◆ WORK INSTRUCTIONS
What you return must be the lines from the first one below through the one containing "9-15 Yaş Tencel", exactly and with pictures excluded.

Data entries:
= Beginning of Section =
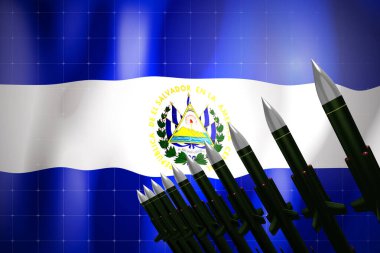 Cruise füzeleri, arka planda El Salvador bayrağı - savunma konsepti - 3 boyutlu illüstrasyon
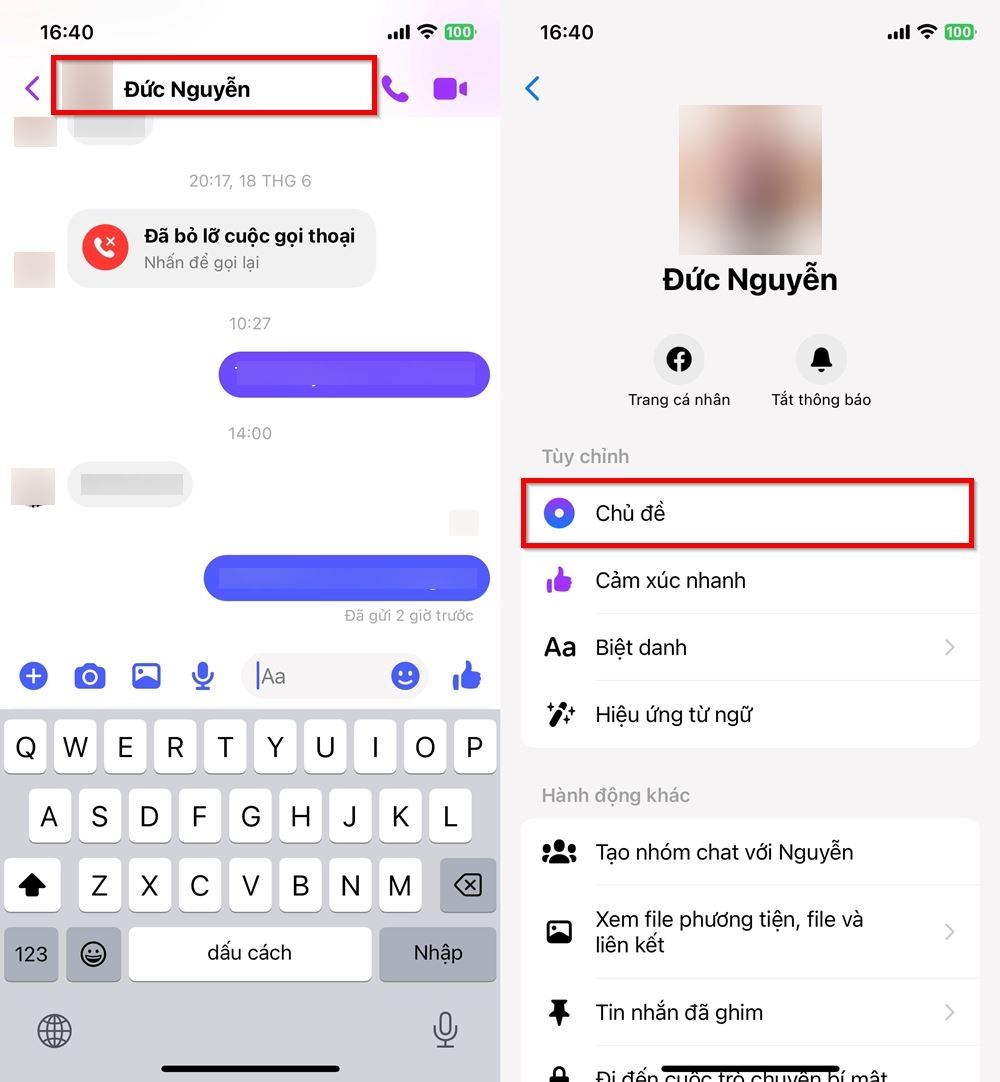 Cách thay đổi chủ đề thể thao trên Messenger 1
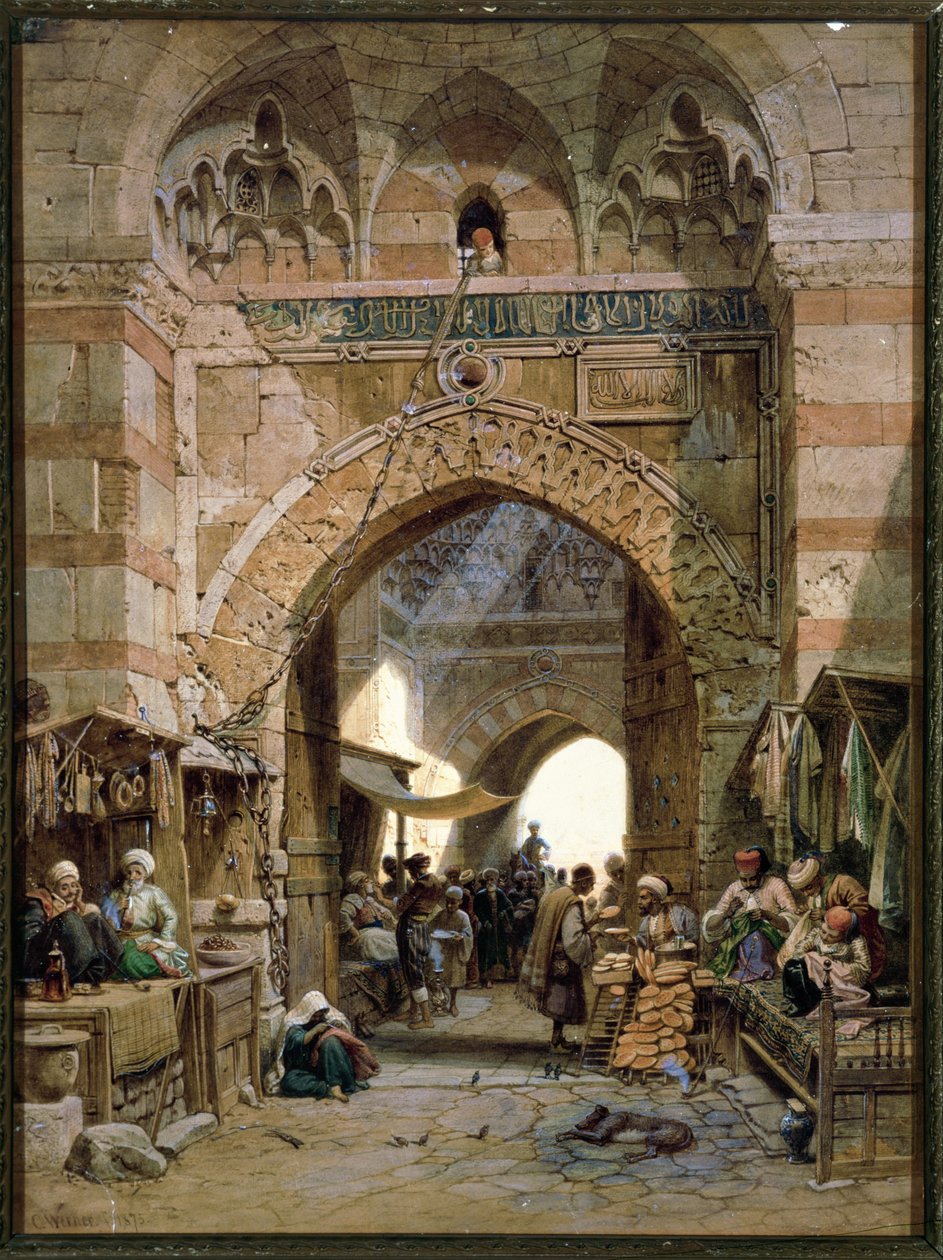 Cena do Bazar, 1875 (wc no papel) de Carl Friedrich Heinrich Werner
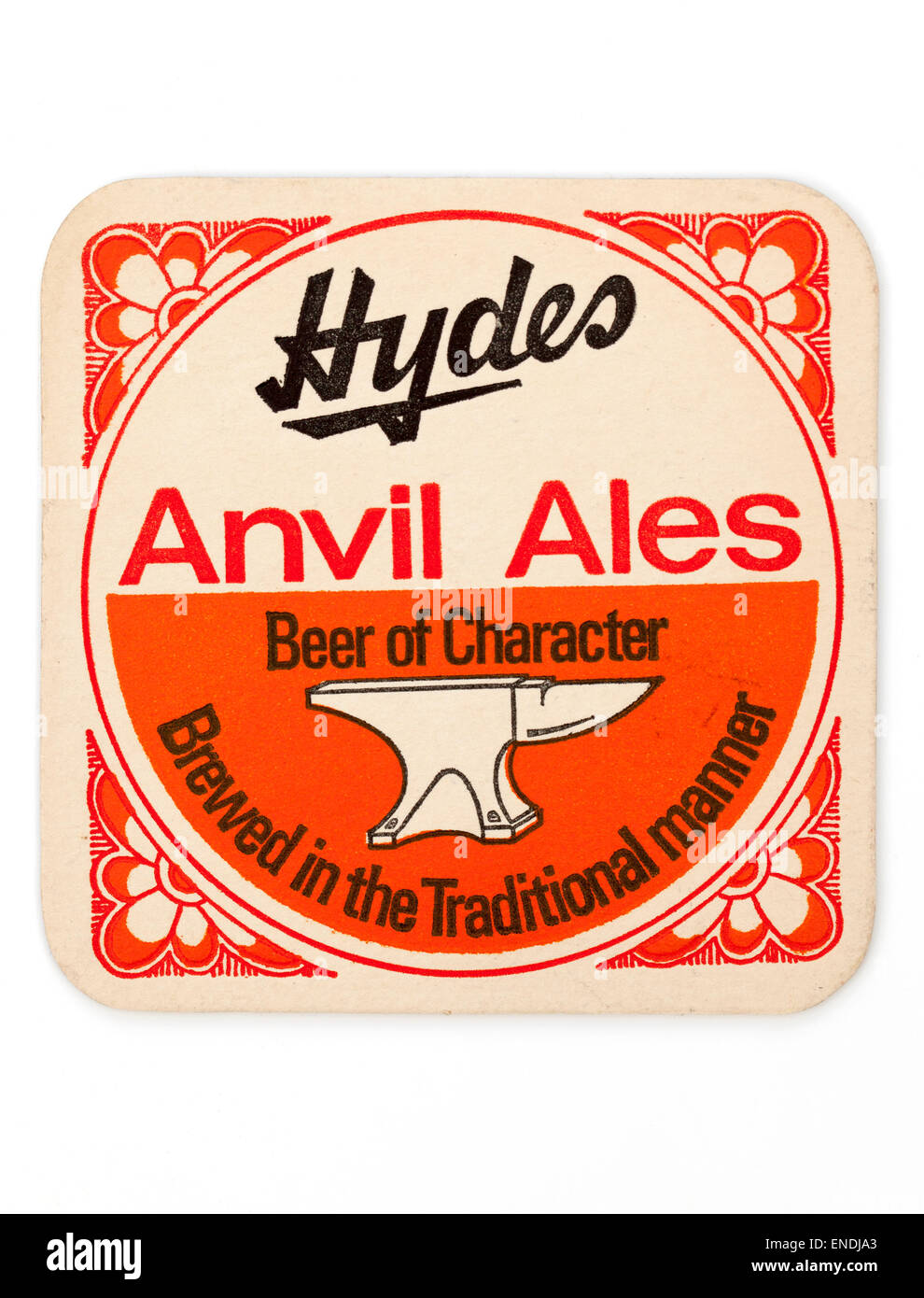 Vintage britische alte simGangster Werbung Hydes Brauerei Amboss Ales Stockfoto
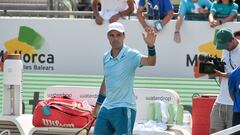 PALMA DE MALLORCA (ISLAS BALEARES), 23/06/2024.- El tenista español Roberto Bautista Agut reacciona ante el tenista japonés Taro Daniel este domingo, durante el partido de primera ronda del Mallorca Championships que se celebra en Santa Ponsa, Palma de Mallorca. EFE/ Miquel A. Borràs
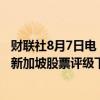 财联社8月7日电，高盛将马来西亚股票评级上调至平配；将新加坡股票评级下调至减配评级。
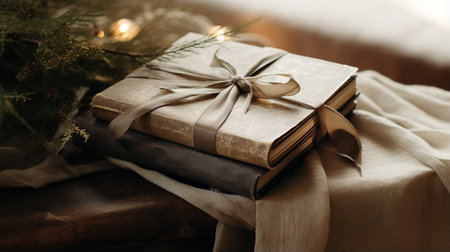 Generative AI, Christmas home decoration close up, muted colors, holiday photorealistic aestethic backgroundの素材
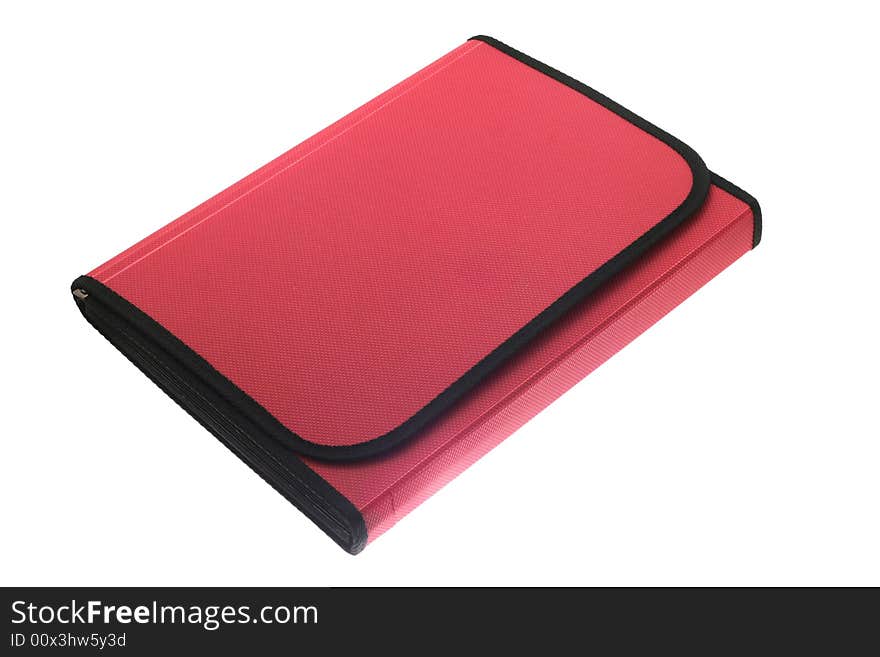 Plastic folder for documents on a white background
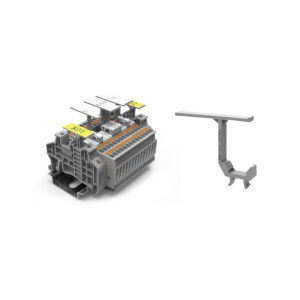 Держатель маркировки DTH5-25x12-11-00Z(H), серый пластик, для установки на клемму или стопор концевой фото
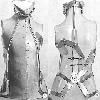 Black-and-white static image of a mannequin torso with visible internal structural lines and straps, shown from front and back views on a plain background.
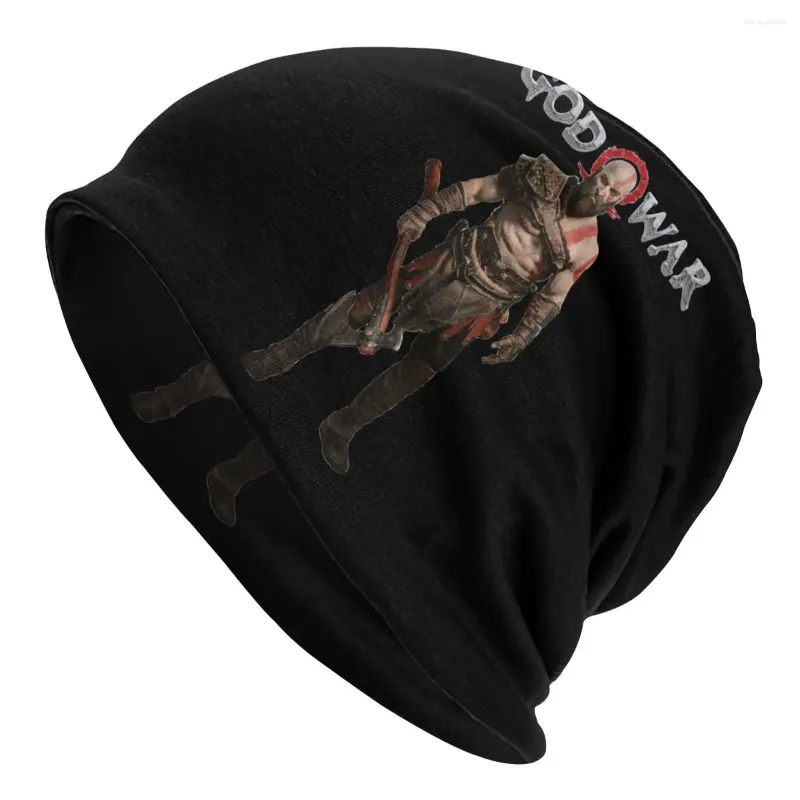 Basker Gud av krig kratos spel bonnet hattar goth skidskallies beanies hatt grekisk mytologi för män kvinnor stickad våren dubbel användning mössa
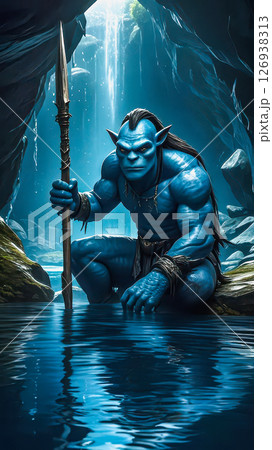 A warrior with a spear in a cave. A muscular blue elf with a warlike look. 126938313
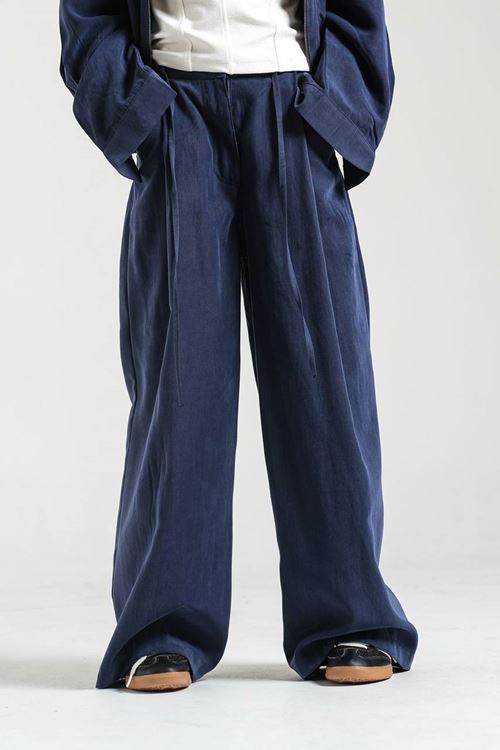 9-15 Yaş Tencel Fermuarlı Ceket & Wide-Leg Pantolon Kombini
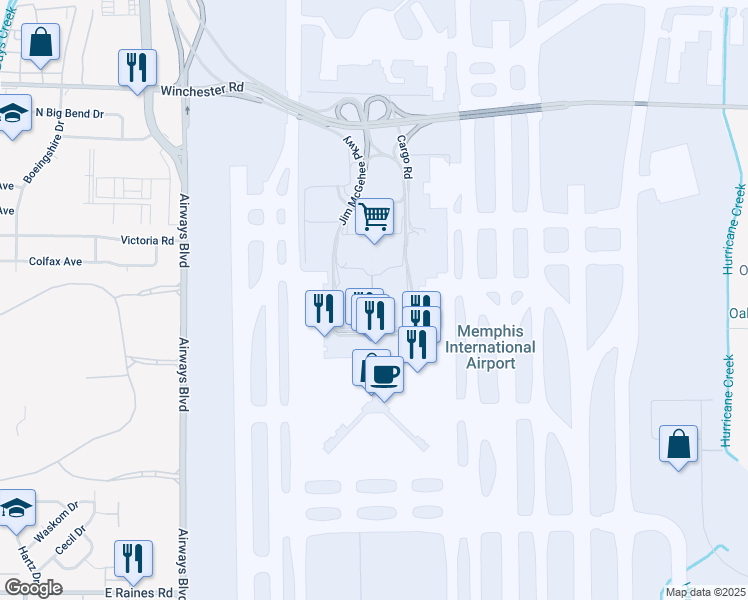 map of restaurants, bars, coffee shops, grocery stores, and more near 2491 Winchester Road in Memphis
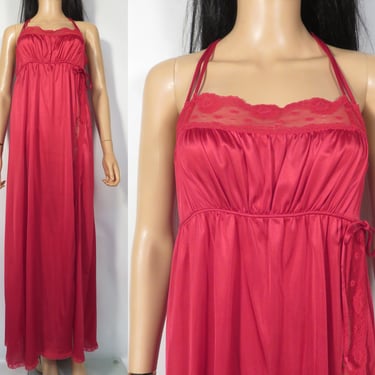 Vintage 70s Ruby Red Empire Waist Goddess Maxi Slip Dress Nightgown With Leg Slit Made In USA Size L 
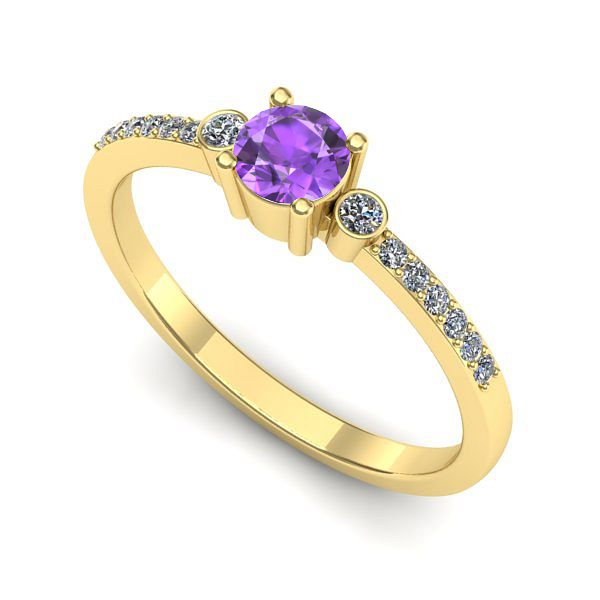 Inel de logodna din aur galben cu ametist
= End of Section =
◆ RESULT OF THIS EXERCISE
 Cruise füzeleri, arka planda El Salvador bayrağı - savunma konsepti - 3 boyutlu illüstrasyon
 Cách thay đổi chủ đề thể thao trên Messenger 1
 Cena do Bazar, 1875 (wc no papel) de Carl Friedrich Heinrich Werner
 Vintage britische alte simGangster Werbung Hydes Brauerei Amboss Ales Stockfoto
 PALMA DE MALLORCA (ISLAS BALEARES), 23/06/2024.- El tenista español Roberto Bautista Agut reacciona ante el tenista japonés Taro Daniel este domingo, durante el partido de primera ronda del Mallorca Championships que se celebra en Santa Ponsa, Palma de Mallorca. EFE/ Miquel A. Borràs
 财联社8月7日电，高盛将马来西亚股票评级上调至平配；将新加坡股票评级下调至减配评级。
 Generative AI, Christmas home decoration close up, muted colors, holiday photorealistic aestethic backgroundの素材
 Plastic folder for documents on a white background
 Держатель маркировки DTH5-25x12-11-00Z(H), серый пластик, для установки на клемму или стопор концевой фото
 Black-and-white static image of a mannequin torso with visible internal structural lines and straps, shown from front and back views on a plain background.
 Basker Gud av krig kratos spel bonnet hattar goth skidskallies beanies hatt grekisk mytologi för män kvinnor stickad våren dubbel användning mössa
 A warrior with a spear in a cave. A muscular blue elf with a warlike look. 126938313
 9-15 Yaş Tencel Fermuarlı Ceket & Wide-Leg Pantolon Kombini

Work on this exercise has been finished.